→ What you need to do
Repeat every line below exactly as it reads.

(Stored data entries)

● ● ● ● ●

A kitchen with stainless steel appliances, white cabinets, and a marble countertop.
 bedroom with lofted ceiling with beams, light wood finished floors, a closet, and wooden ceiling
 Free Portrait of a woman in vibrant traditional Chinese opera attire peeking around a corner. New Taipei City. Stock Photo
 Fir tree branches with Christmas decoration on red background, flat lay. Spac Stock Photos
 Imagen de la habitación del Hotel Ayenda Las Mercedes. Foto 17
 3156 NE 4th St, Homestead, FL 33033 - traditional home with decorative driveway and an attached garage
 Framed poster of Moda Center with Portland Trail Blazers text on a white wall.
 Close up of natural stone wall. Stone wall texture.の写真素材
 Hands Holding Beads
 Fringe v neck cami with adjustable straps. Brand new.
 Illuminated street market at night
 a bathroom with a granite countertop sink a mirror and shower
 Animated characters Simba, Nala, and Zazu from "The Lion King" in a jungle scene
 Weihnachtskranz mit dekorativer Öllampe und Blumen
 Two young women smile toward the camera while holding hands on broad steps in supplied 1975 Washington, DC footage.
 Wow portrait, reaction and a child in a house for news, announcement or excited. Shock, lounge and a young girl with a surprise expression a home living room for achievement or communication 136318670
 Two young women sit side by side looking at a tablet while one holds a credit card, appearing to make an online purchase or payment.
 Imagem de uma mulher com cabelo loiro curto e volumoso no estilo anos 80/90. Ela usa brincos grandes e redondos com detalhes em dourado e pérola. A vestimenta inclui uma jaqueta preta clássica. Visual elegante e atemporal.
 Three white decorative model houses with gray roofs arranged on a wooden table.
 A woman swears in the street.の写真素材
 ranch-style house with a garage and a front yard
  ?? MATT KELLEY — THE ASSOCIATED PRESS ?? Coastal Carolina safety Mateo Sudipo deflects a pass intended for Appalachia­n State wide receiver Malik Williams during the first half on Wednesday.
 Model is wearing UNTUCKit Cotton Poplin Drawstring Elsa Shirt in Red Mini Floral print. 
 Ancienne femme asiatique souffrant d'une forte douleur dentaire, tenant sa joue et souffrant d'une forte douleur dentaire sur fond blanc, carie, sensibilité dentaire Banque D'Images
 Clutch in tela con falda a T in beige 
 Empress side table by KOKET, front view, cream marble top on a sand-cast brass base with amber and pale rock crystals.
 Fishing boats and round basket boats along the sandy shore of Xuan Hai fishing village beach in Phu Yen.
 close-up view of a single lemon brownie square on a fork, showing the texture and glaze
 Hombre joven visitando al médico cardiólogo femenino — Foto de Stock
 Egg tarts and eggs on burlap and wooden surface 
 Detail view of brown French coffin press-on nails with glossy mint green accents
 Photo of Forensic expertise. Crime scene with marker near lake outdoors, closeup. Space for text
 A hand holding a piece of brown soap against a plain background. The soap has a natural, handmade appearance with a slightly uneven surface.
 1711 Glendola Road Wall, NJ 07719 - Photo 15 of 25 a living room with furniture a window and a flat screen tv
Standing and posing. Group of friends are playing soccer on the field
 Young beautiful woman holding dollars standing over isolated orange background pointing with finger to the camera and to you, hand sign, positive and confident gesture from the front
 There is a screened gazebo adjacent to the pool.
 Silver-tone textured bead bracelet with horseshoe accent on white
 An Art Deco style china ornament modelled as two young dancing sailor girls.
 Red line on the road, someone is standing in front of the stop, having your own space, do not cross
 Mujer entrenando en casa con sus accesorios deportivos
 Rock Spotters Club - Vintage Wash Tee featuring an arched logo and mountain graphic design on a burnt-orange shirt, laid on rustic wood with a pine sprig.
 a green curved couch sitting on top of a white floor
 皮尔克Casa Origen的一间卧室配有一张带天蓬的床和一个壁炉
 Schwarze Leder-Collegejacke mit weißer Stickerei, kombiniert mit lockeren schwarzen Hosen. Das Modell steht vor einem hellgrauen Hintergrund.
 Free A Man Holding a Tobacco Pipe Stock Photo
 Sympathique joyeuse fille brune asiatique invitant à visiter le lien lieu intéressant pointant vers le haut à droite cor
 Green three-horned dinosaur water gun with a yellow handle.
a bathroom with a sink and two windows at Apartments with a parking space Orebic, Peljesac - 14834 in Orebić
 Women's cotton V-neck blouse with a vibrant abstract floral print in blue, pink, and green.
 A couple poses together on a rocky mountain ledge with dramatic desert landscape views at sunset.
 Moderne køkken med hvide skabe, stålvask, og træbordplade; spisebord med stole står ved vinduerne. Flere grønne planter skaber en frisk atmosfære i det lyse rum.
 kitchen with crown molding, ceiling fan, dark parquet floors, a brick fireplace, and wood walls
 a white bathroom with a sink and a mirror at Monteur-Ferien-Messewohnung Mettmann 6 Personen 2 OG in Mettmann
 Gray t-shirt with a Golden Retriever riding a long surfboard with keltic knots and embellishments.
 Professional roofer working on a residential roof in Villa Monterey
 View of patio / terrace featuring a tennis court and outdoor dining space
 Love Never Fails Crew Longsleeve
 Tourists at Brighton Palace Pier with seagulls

● ● ● ● ●

→ Response to this task
A kitchen with stainless steel appliances, white cabinets, and a marble countertop.
 bedroom with lofted ceiling with beams, light wood finished floors, a closet, and wooden ceiling
 Free Portrait of a woman in vibrant traditional Chinese opera attire peeking around a corner. New Taipei City. Stock Photo
 Fir tree branches with Christmas decoration on red background, flat lay. Spac Stock Photos
 Imagen de la habitación del Hotel Ayenda Las Mercedes. Foto 17
 3156 NE 4th St, Homestead, FL 33033 - traditional home with decorative driveway and an attached garage
 Framed poster of Moda Center with Portland Trail Blazers text on a white wall.
 Close up of natural stone wall. Stone wall texture.の写真素材
 Hands Holding Beads
 Fringe v neck cami with adjustable straps. Brand new.
 Illuminated street market at night
 a bathroom with a granite countertop sink a mirror and shower
 Animated characters Simba, Nala, and Zazu from "The Lion King" in a jungle scene
 Weihnachtskranz mit dekorativer Öllampe und Blumen
 Two young women smile toward the camera while holding hands on broad steps in supplied 1975 Washington, DC footage.
 Wow portrait, reaction and a child in a house for news, announcement or excited. Shock, lounge and a young girl with a surprise expression a home living room for achievement or communication 136318670
 Two young women sit side by side looking at a tablet while one holds a credit card, appearing to make an online purchase or payment.
 Imagem de uma mulher com cabelo loiro curto e volumoso no estilo anos 80/90. Ela usa brincos grandes e redondos com detalhes em dourado e pérola. A vestimenta inclui uma jaqueta preta clássica. Visual elegante e atemporal.
 Three white decorative model houses with gray roofs arranged on a wooden table.
 A woman swears in the street.の写真素材
 ranch-style house with a garage and a front yard
  ?? MATT KELLEY — THE ASSOCIATED PRESS ?? Coastal Carolina safety Mateo Sudipo deflects a pass intended for Appalachia­n State wide receiver Malik Williams during the first half on Wednesday.
 Model is wearing UNTUCKit Cotton Poplin Drawstring Elsa Shirt in Red Mini Floral print. 
 Ancienne femme asiatique souffrant d'une forte douleur dentaire, tenant sa joue et souffrant d'une forte douleur dentaire sur fond blanc, carie, sensibilité dentaire Banque D'Images
 Clutch in tela con falda a T in beige 
 Empress side table by KOKET, front view, cream marble top on a sand-cast brass base with amber and pale rock crystals.
 Fishing boats and round basket boats along the sandy shore of Xuan Hai fishing village beach in Phu Yen.
 close-up view of a single lemon brownie square on a fork, showing the texture and glaze
 Hombre joven visitando al médico cardiólogo femenino — Foto de Stock
 Egg tarts and eggs on burlap and wooden surface 
 Detail view of brown French coffin press-on nails with glossy mint green accents
 Photo of Forensic expertise. Crime scene with marker near lake outdoors, closeup. Space for text
 A hand holding a piece of brown soap against a plain background. The soap has a natural, handmade appearance with a slightly uneven surface.
 1711 Glendola Road Wall, NJ 07719 - Photo 15 of 25 a living room with furniture a window and a flat screen tv
Standing and posing. Group of friends are playing soccer on the field
 Young beautiful woman holding dollars standing over isolated orange background pointing with finger to the camera and to you, hand sign, positive and confident gesture from the front
 There is a screened gazebo adjacent to the pool.
 Silver-tone textured bead bracelet with horseshoe accent on white
 An Art Deco style china ornament modelled as two young dancing sailor girls.
 Red line on the road, someone is standing in front of the stop, having your own space, do not cross
 Mujer entrenando en casa con sus accesorios deportivos
 Rock Spotters Club - Vintage Wash Tee featuring an arched logo and mountain graphic design on a burnt-orange shirt, laid on rustic wood with a pine sprig.
 a green curved couch sitting on top of a white floor
 皮尔克Casa Origen的一间卧室配有一张带天蓬的床和一个壁炉
 Schwarze Leder-Collegejacke mit weißer Stickerei, kombiniert mit lockeren schwarzen Hosen. Das Modell steht vor einem hellgrauen Hintergrund.
 Free A Man Holding a Tobacco Pipe Stock Photo
 Sympathique joyeuse fille brune asiatique invitant à visiter le lien lieu intéressant pointant vers le haut à droite cor
 Green three-horned dinosaur water gun with a yellow handle.
a bathroom with a sink and two windows at Apartments with a parking space Orebic, Peljesac - 14834 in Orebić
 Women's cotton V-neck blouse with a vibrant abstract floral print in blue, pink, and green.
 A couple poses together on a rocky mountain ledge with dramatic desert landscape views at sunset.
 Moderne køkken med hvide skabe, stålvask, og træbordplade; spisebord med stole står ved vinduerne. Flere grønne planter skaber en frisk atmosfære i det lyse rum.
 kitchen with crown molding, ceiling fan, dark parquet floors, a brick fireplace, and wood walls
 a white bathroom with a sink and a mirror at Monteur-Ferien-Messewohnung Mettmann 6 Personen 2 OG in Mettmann
 Gray t-shirt with a Golden Retriever riding a long surfboard with keltic knots and embellishments.
 Professional roofer working on a residential roof in Villa Monterey
 View of patio / terrace featuring a tennis court and outdoor dining space
 Love Never Fails Crew Longsleeve
 Tourists at Brighton Palace Pier with seagulls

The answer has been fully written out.